#### Task brief
Going down the listing below, print exactly each line from the one with "2022 Autumn Winter" up to and including the one with "Mariposa Cocktail Napkin", and skip the rest.

#### Dataset entries
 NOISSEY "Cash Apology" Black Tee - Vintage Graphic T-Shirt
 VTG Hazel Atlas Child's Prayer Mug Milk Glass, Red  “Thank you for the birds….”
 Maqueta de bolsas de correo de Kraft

==

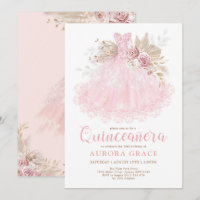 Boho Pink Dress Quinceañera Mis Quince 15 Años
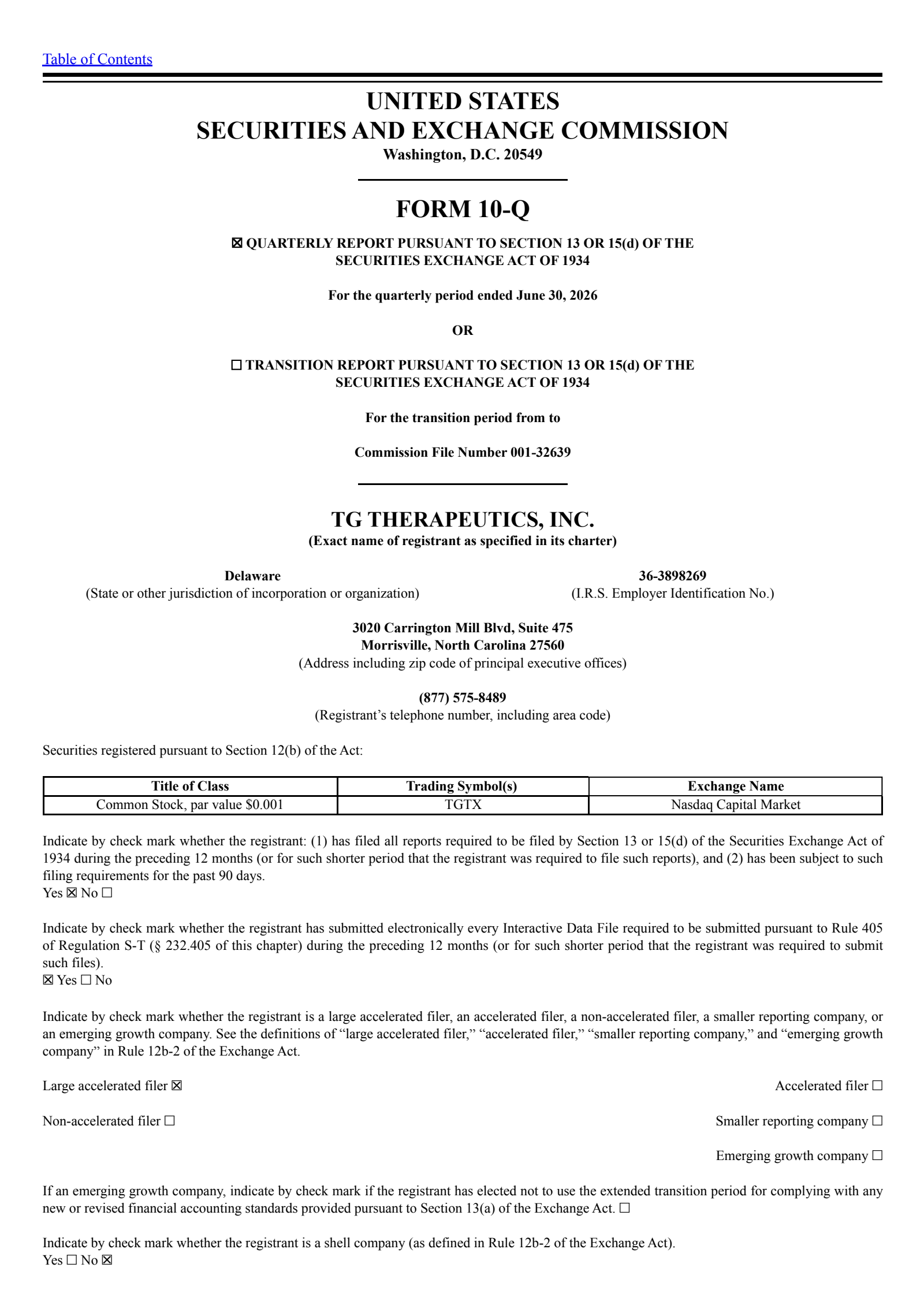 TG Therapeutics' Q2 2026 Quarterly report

* * *

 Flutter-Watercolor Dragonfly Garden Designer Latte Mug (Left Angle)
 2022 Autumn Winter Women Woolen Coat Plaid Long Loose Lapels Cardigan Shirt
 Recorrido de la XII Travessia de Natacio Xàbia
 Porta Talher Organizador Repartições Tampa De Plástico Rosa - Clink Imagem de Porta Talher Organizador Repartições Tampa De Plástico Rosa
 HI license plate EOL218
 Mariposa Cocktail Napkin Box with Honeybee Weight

#### Completed task
 2022 Autumn Winter Women Woolen Coat Plaid Long Loose Lapels Cardigan Shirt
 Recorrido de la XII Travessia de Natacio Xàbia
 Porta Talher Organizador Repartições Tampa De Plástico Rosa - Clink Imagem de Porta Talher Organizador Repartições Tampa De Plástico Rosa
 HI license plate EOL218
 Mariposa Cocktail Napkin Box with Honeybee Weight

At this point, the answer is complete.